The Conan profile separates cleanly by toolkit version:
[settings]
os=Linux
arch=x86_64
compiler=gcc
compiler.version=12
build_type=Release
[buildenv]
CUDA_PATH=/usr/local/cuda-12.4
A second profile for CUDA 11.8 points to a different toolkit path and specifies cuda_version=11.8 in the options. The same source tree, the same command, different Conan profiles, and you get correctly separated binary artifacts. This is the model the using std::cpp 2026 talk describes: the compatibility matrix is encoded in build files rather than living in CI scripts and tribal knowledge.
CI Without GPUs and the Windows Constraint
Most CI runners do not have NVIDIA GPUs. This is manageable because CUDA compilation and CUDA execution are separate concerns. Building a project against CUDA 12.4 on a CPU-only runner using the nvidia/cuda:12.4.1-devel-ubuntu22.04 Docker image works fine as long as you are not running kernels. Verify that the code compiles against the correct toolkit version, link against the right libraries, and reserve GPU execution tests for hardware-equipped runners.
The driver version constraint only matters at runtime. The devel image provides the compiler and headers; the actual GPU driver requirement is irrelevant for a compile-only CI step.

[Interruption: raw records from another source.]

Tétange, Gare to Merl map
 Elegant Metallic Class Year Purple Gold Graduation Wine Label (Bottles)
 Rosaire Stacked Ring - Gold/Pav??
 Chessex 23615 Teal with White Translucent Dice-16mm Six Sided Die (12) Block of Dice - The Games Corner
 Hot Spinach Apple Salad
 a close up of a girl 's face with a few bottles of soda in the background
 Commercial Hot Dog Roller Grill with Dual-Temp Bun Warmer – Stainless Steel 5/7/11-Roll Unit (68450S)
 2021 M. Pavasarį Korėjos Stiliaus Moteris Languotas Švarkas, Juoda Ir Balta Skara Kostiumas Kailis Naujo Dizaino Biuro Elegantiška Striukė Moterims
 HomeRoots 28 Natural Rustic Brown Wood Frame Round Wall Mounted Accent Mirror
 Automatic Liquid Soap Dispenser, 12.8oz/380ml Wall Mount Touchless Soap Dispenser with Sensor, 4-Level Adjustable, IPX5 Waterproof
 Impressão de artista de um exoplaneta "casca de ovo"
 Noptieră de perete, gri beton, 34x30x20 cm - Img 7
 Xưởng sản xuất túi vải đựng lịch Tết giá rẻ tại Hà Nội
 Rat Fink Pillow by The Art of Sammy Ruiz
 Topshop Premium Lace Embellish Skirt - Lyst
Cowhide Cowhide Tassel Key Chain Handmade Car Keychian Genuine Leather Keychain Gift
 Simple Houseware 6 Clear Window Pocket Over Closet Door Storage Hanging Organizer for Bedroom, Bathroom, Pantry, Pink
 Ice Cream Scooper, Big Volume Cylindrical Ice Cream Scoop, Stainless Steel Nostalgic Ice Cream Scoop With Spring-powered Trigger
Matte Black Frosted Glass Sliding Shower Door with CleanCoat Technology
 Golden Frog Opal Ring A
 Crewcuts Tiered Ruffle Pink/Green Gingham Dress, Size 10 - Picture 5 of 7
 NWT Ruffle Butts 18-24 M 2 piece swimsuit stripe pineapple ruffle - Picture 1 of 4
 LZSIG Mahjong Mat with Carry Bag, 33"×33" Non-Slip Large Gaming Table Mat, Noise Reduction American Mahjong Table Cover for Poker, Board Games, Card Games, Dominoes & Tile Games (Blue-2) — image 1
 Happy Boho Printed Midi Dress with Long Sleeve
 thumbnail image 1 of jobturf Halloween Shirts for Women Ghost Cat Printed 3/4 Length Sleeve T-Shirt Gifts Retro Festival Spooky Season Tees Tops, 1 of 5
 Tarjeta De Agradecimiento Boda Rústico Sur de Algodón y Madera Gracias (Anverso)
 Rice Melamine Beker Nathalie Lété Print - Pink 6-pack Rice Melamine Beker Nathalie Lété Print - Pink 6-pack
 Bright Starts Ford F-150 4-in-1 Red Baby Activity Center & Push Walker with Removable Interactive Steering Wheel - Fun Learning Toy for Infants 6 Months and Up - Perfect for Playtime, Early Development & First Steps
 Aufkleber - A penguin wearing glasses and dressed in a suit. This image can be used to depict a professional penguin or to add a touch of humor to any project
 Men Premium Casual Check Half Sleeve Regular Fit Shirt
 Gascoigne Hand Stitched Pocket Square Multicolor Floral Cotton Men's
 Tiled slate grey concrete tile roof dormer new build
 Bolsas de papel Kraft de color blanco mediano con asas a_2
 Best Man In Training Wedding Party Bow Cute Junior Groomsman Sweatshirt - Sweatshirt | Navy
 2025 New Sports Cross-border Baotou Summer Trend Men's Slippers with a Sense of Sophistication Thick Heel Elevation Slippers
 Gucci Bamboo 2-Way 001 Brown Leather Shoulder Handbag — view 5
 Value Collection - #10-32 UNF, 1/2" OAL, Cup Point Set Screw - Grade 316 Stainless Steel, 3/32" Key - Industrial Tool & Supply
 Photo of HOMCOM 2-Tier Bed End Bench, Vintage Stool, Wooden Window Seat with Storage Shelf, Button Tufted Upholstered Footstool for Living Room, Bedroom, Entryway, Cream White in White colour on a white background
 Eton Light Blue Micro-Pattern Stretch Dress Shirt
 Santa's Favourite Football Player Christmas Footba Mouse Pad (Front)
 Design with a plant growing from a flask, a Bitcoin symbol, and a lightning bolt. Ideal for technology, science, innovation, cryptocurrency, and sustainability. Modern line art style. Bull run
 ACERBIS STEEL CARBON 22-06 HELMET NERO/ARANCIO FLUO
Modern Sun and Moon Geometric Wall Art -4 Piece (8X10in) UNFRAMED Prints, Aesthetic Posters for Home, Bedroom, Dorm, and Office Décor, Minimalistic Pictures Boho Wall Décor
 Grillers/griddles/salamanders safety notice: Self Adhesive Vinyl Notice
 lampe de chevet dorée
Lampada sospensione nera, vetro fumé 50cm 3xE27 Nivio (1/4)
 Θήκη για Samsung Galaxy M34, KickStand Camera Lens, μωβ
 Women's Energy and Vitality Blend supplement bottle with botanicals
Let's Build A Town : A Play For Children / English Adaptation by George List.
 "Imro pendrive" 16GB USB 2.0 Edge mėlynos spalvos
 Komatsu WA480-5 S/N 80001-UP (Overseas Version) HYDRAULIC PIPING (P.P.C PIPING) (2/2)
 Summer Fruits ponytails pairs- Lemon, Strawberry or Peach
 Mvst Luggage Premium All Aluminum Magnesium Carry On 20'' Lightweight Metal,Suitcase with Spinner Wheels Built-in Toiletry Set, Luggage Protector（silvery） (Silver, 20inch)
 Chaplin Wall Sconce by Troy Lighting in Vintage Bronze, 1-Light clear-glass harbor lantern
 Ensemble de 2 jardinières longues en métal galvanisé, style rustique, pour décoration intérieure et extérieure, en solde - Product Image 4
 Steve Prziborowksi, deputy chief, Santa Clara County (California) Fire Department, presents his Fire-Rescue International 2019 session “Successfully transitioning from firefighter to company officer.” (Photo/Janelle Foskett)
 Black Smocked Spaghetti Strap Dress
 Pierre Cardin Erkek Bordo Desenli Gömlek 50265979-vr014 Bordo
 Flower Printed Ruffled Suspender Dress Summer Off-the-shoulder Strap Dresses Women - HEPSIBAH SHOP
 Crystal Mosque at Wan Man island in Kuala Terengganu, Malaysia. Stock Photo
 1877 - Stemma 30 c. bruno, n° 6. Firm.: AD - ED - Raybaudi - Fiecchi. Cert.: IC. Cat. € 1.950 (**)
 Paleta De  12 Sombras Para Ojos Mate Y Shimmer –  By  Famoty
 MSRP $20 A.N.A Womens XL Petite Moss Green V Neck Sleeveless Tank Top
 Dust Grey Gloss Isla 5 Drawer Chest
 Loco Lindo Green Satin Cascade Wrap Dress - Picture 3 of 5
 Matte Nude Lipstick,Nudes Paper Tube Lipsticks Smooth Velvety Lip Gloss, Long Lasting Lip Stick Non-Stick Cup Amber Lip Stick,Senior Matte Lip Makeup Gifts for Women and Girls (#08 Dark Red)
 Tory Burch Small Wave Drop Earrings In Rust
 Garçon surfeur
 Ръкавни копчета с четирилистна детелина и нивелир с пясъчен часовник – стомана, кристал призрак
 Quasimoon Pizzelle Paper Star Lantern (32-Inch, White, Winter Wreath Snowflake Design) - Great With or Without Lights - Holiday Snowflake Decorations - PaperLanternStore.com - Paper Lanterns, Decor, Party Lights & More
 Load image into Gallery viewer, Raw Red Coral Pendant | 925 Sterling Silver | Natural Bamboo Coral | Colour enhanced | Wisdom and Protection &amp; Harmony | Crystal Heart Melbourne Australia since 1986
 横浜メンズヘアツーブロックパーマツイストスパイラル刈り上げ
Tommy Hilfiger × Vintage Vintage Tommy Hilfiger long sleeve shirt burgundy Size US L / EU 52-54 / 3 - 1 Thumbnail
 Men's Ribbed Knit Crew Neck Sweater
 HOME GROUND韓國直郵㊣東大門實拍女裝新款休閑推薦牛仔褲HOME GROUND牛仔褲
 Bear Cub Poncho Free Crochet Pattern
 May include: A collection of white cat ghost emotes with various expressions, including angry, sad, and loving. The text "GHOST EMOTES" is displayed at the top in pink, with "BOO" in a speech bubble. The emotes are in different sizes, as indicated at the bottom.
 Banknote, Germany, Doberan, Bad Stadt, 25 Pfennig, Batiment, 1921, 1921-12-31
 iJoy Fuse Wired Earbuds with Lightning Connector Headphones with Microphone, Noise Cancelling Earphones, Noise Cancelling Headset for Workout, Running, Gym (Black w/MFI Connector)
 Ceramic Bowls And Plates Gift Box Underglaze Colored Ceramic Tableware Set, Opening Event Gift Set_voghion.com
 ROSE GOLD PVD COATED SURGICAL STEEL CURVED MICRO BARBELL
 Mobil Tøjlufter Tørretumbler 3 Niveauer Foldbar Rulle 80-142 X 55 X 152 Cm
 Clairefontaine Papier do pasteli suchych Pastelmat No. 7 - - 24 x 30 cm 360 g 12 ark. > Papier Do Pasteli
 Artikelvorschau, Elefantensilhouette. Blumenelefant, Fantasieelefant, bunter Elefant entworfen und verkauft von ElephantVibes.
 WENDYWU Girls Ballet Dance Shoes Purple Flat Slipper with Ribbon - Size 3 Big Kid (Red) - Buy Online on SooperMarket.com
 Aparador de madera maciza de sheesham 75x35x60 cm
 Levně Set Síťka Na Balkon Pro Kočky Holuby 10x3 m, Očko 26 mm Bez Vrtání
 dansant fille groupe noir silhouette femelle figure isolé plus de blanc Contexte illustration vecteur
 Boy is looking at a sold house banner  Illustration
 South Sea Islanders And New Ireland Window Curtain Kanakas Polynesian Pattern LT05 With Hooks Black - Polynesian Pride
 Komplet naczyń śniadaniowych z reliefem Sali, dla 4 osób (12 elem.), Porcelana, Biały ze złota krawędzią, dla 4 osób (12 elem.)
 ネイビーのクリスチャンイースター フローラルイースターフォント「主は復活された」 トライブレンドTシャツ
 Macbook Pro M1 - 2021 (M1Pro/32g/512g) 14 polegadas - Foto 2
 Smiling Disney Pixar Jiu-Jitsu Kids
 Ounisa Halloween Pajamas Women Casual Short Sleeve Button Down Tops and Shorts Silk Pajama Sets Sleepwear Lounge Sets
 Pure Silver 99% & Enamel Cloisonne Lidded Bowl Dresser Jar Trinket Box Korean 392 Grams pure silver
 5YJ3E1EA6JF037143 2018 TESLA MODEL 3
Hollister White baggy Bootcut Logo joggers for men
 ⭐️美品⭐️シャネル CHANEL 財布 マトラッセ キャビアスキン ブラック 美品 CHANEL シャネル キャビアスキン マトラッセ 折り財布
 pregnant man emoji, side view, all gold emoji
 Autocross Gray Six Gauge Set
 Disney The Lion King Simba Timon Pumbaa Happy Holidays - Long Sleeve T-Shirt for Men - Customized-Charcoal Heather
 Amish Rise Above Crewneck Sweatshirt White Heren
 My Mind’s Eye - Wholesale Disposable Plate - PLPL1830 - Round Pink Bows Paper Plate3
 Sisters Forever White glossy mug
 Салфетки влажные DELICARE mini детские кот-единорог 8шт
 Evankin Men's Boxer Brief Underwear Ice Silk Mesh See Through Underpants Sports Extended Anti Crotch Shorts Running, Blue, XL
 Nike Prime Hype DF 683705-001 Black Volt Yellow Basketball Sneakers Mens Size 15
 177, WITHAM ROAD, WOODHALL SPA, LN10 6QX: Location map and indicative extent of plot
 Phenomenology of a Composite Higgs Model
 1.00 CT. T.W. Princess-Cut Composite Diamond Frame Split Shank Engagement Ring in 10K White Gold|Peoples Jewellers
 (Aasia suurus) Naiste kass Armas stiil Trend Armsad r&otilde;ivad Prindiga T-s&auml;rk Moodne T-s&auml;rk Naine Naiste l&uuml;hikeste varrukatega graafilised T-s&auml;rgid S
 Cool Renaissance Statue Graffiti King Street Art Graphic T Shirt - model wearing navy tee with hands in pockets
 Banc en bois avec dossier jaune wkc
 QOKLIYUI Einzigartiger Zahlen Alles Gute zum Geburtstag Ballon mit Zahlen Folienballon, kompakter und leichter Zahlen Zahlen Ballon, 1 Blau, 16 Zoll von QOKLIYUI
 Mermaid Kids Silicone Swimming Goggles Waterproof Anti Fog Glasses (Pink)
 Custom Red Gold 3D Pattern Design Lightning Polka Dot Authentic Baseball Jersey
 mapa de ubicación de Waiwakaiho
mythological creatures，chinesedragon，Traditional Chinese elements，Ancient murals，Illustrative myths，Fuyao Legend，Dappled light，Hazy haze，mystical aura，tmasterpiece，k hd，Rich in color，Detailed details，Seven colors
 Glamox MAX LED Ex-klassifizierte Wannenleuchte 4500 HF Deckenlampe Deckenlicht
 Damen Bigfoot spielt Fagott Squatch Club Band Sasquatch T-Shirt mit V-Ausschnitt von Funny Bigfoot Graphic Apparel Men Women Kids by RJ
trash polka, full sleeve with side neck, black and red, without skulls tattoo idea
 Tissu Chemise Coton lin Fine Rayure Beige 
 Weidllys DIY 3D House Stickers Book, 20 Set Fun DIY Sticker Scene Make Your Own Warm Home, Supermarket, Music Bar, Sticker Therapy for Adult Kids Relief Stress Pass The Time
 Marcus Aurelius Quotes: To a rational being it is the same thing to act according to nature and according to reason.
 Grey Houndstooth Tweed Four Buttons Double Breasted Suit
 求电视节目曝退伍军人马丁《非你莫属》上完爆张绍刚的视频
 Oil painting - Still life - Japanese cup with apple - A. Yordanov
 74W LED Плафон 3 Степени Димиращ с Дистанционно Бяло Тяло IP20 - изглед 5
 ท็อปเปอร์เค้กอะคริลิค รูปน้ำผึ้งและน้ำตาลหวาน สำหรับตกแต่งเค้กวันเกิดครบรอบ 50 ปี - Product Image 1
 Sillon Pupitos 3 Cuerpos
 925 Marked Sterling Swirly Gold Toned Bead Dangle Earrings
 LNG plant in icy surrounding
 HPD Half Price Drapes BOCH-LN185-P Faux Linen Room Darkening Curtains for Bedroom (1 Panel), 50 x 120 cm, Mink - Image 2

The Windows story is harder. On Windows, nvcc requires MSVC as the host compiler. CUDA 12.x supports VS2019 (MSVC 14.2x) and VS2022 (MSVC 14.3x). Clang cannot serve as the nvcc host compiler on Windows without significant patching. This means any code that mixes CUDA and C++ on Windows must use MSVC for host-side translation units, regardless of other toolchain preferences in the project. CMake handles the detection automatically when CUDA is enabled as a language, but it is a constraint you need to account for when building an otherwise Clang-first project. The debug runtime selection (/MD vs /MDd) must also be consistent: the CUDA runtime uses /MD, so mixing debug C++ code with CUDA objects requires care.
What “One Command” Actually Delivers
The goal stated in the talk is achievable with real preconditions. One command works once the toolkit is installed out-of-band, once the profile is written for the target platform, and once the GPU architecture list is agreed upon for the project. Those preconditions are not trivial for a team with heterogeneous hardware: developer laptops with RTX 3000-series, CI runners with A100s, and production inference clusters with H100s represent three different compute capability families that the CMAKE_CUDA_ARCHITECTURES list needs to cover.
What the Conan plus CMake combination buys you is that this decision is made once in version-controlled build files and stays consistent across every developer’s checkout. The alternative is ad-hoc -gencode flags scattered across CI scripts, Dockerfiles, and README instructions that accumulate drift as the team grows and hardware changes.
Encoding the matrix in conanfile.py options and CMakeLists.txt properties makes it auditable. When a new GPU architecture releases, you update one list in one file and the change propagates through every build configuration. That reproducibility is the concrete answer to the dependency management complaint that the ISO C++ survey keeps surfacing: not a generic solution to the problem, but a disciplined place to put the constraints that CUDA introduces, where they can be reviewed, versioned, and understood.